If there is a criticism of this investment holding company, it must be its lack of focus. It appears to be invested in a very diverse range of industries without significant synergies or economies of scale. The need of most South African companies to have a stable BEE partner gives it an edge in finding and negotiating good deals, but its lack of focus may eventually become a problem.
The share trades at a fraction of its intrinsic NAV. It was 59% of its NAV after falling about 25% in the last six months to 2023. The discount makes it good value and may result in "unbundling" some of that value into the hands of shareholders in due course. The directors have said that they will consider delisting from the JSE if the discount persists because the listing cannot be used to raise further capital at current share prices.

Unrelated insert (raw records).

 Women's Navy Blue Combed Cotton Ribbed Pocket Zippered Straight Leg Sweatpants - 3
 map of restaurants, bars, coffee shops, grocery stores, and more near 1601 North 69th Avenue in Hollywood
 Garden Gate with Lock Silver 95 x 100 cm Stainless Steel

On 21st November 2023, the company announced a rights issue to raise R742.35m. Shareholders will get 11.06579 new shares for every 100 shares that they hold at a 7.32% discount to the volume-weighted average price on 10th November 2023. In its results for the year to 30th June 2024, the company reported that its intrinsic net asset value (NAV) increased by 8.5% to 1238c per share, while Tymebank and Linebroker achieved break-even. Rain, which is 26% of the total portfolio, is the most preferred network in South Africa. The total value of listed and unlisted investments was R20.2bn.

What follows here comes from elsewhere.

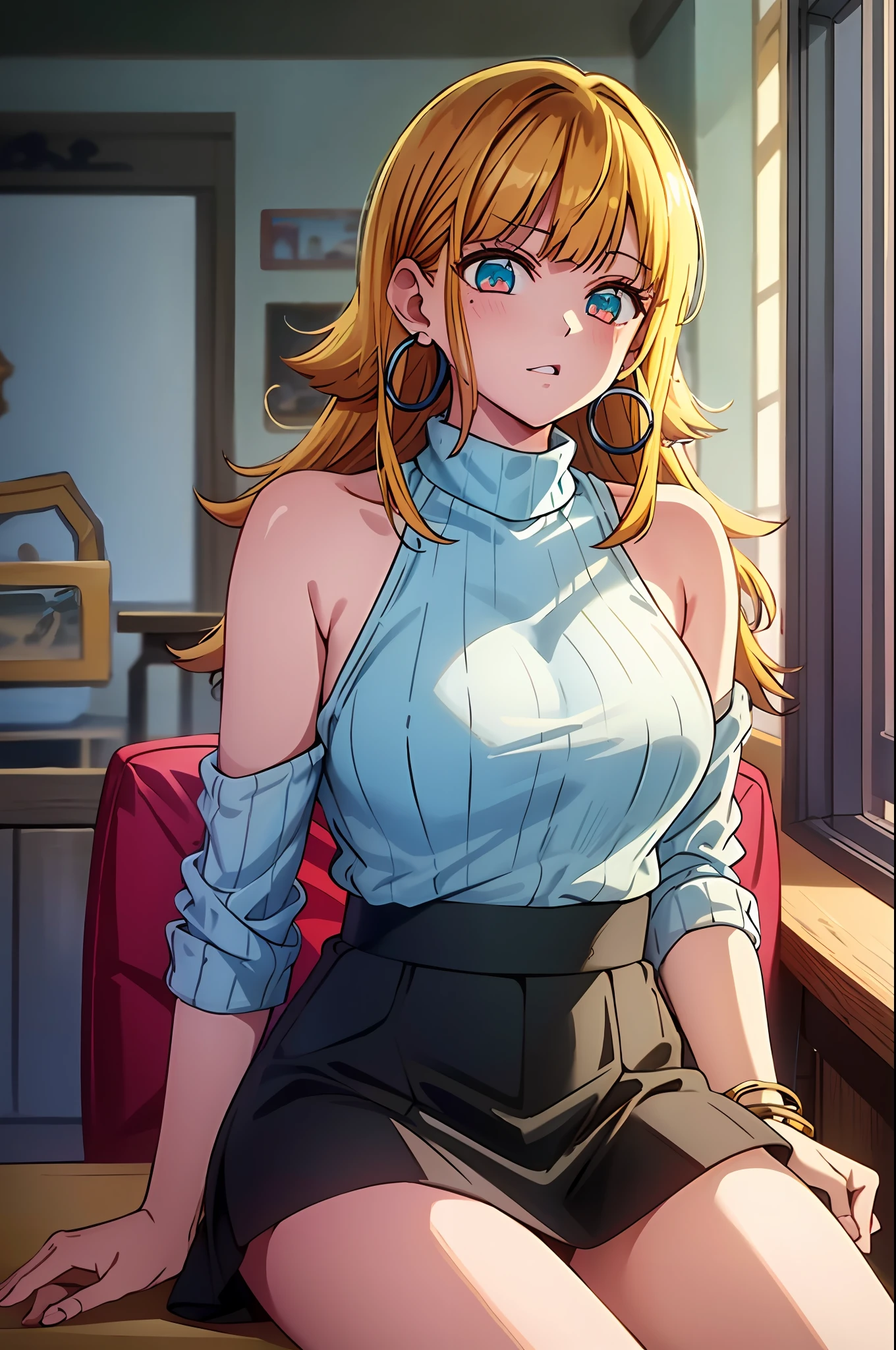 ​masterpiece, hightquality, Hi-Res, MEMcho, Indoors, cowboy  shot, Black skirt, The shirt, off shoulders, off-the-shoulder sweater, (Light blue sweater:1.2), sleeveless shirts, High Neck Sleeveless Shirt, Black shirt, Sweaters, Sweater sleeve wrist too much, sitting on, hoop earrings,animesque、Blonde top black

The share still trades for much less than 60% of its NAV. Technically, the share has been falling since March 2023. We recommended applying a 200-day moving average and waiting for a clear upside break before investigating further. That break came on 26th April 2024 at 544c per share. Since then, the share has moved up to 727c.

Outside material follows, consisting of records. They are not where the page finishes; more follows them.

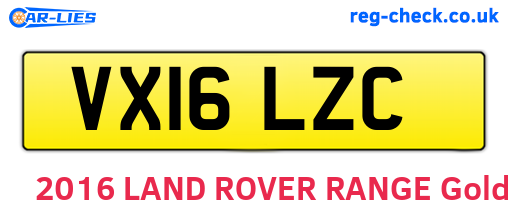 VX16LZC are the vehicle registration plates.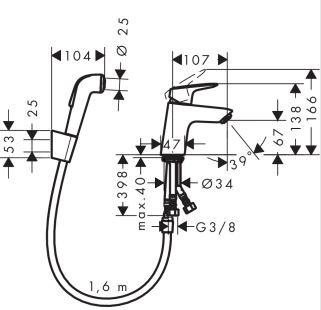 Hansgrohe Logis zestaw bidette chrom 71290000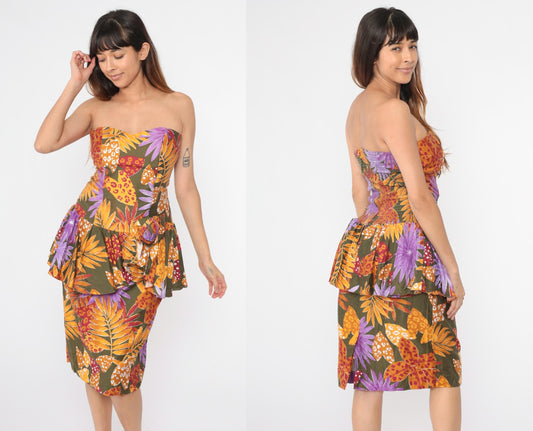 80s Tropical Leaf Print Strapless Midi Dress Sweetheart Neckline Peplum Olive Green Small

Our opinion on the current state of METROFILE(MFL)Metrofile (MFL) is a company that specialises in records storage and management, image processing, and backup. The company has been listed since 1995 and has a 57.4% Black ownership. The Mineworkers Investment Company owns 38.64% of the business, and Sanlam owns 5%.
The company's record management division has 52 facilities at 27 locations with over 100,000 square meters of offices and warehousing. Housatonic Partners, a US company, made an offer to buy 100% of Metrofile for 330c per share but delayed the deal because of COVID-19. They indicated that they would want to see the end-June 2020 results and "three months of normal trade" before reconsidering. Despite this, they have assured the company of their wish to continue with the possible transaction for the acquisition of Metrofile.
In its results for the year to 30th June 2024, the company reported revenue up 1% and headline earnings per share (HEPS) down 49%. The company said, "General market conditions were weak. Demand for cloud services remained strong and now contributes 32% (2023: 26%) of our digital services revenue."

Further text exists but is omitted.